__Problem details__
Type out the lines below exactly, pictures excluded.

__Recorded information__
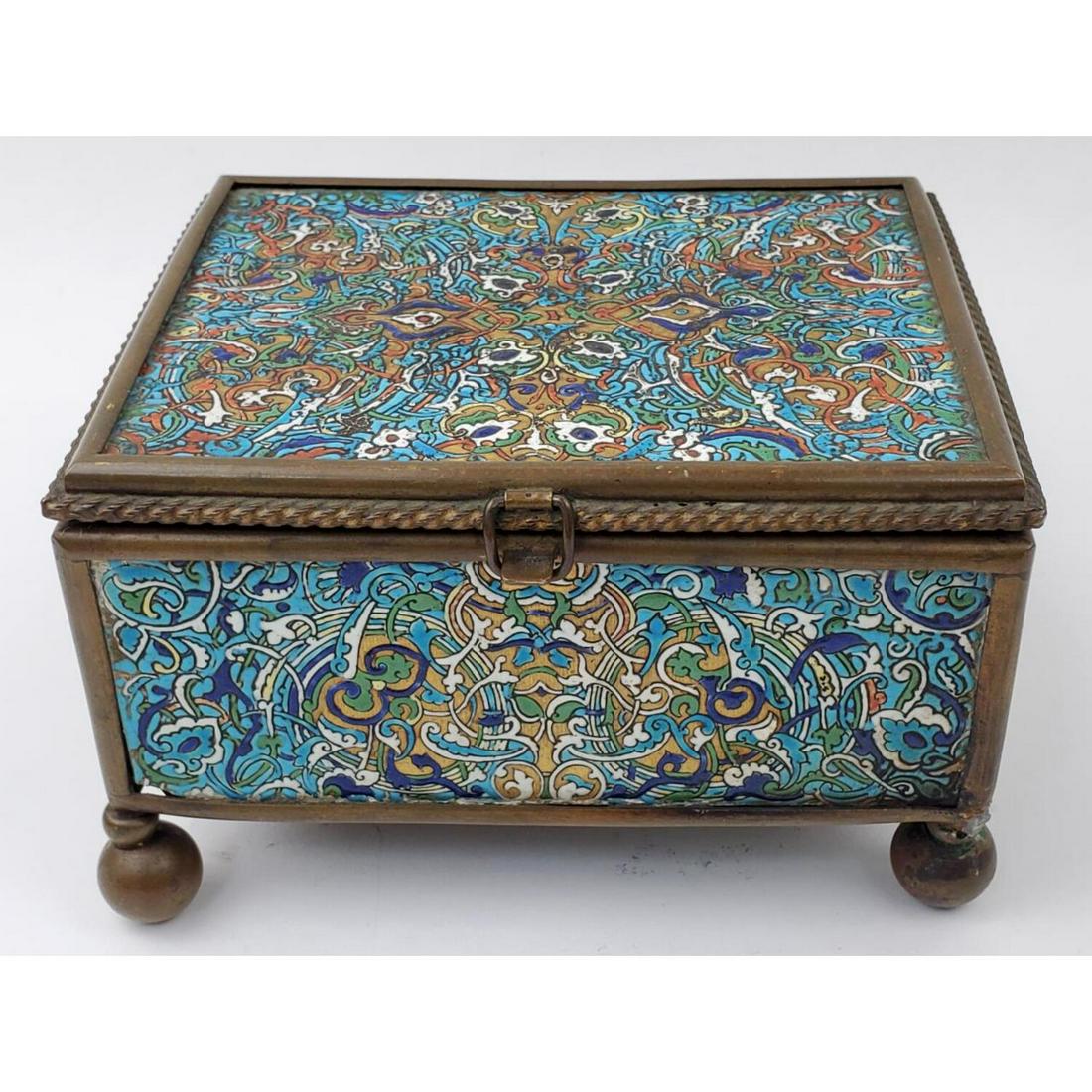 French Enameled Porcelain Box w/ Brass Mounts (1 of 4)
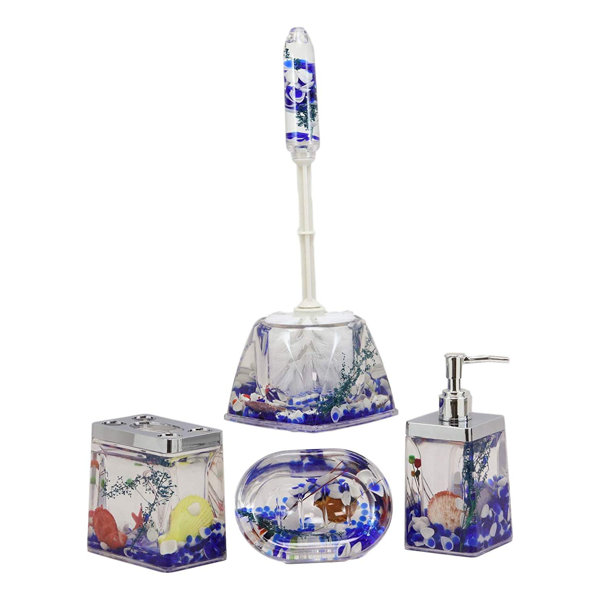 Breakwater Bay Bernardi Nautical Coastal Pearls Shells Liquid 3d Floating Motion Bathroom Accessory Set Reviews Wayfair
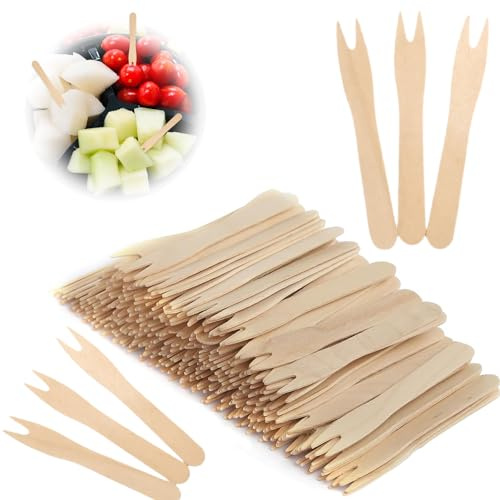 Lonimia 200 Stück Pommesgabel,Pommespieker aus Holz Holzbesteck,Holzbesteck,Holzgabel,Holzgabeln,Holzmesser,Partybesteck Pommes Frites Gabeln Partygeschirr für Party Geburtstag Camping und Picknick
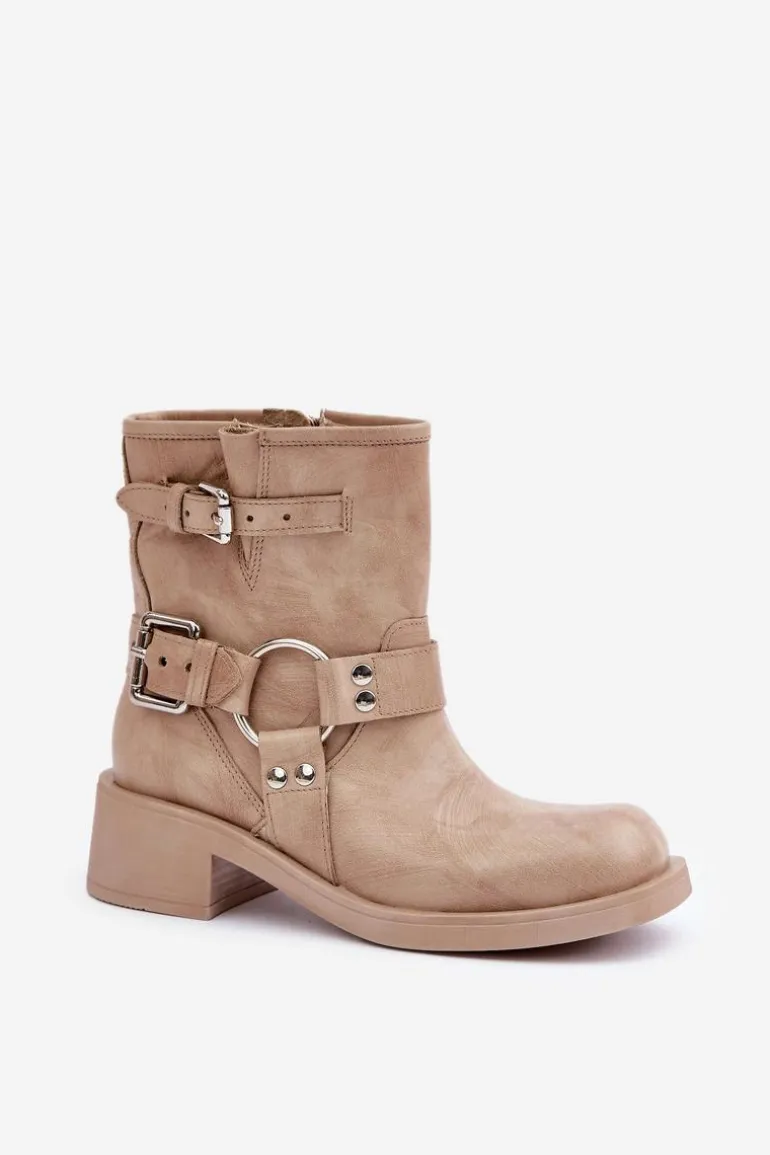 Skórzane Botki Damskie Na Niskim Obcasie Klocku Z Paskami Zazoo 3644 Beżowe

__Answer area__
 French Enameled Porcelain Box w/ Brass Mounts (1 of 4)
 Breakwater Bay Bernardi Nautical Coastal Pearls Shells Liquid 3d Floating Motion Bathroom Accessory Set Reviews Wayfair
 Lonimia 200 Stück Pommesgabel,Pommespieker aus Holz Holzbesteck,Holzbesteck,Holzgabel,Holzgabeln,Holzmesser,Partybesteck Pommes Frites Gabeln Partygeschirr für Party Geburtstag Camping und Picknick
 Skórzane Botki Damskie Na Niskim Obcasie Klocku Z Paskami Zazoo 3644 Beżowe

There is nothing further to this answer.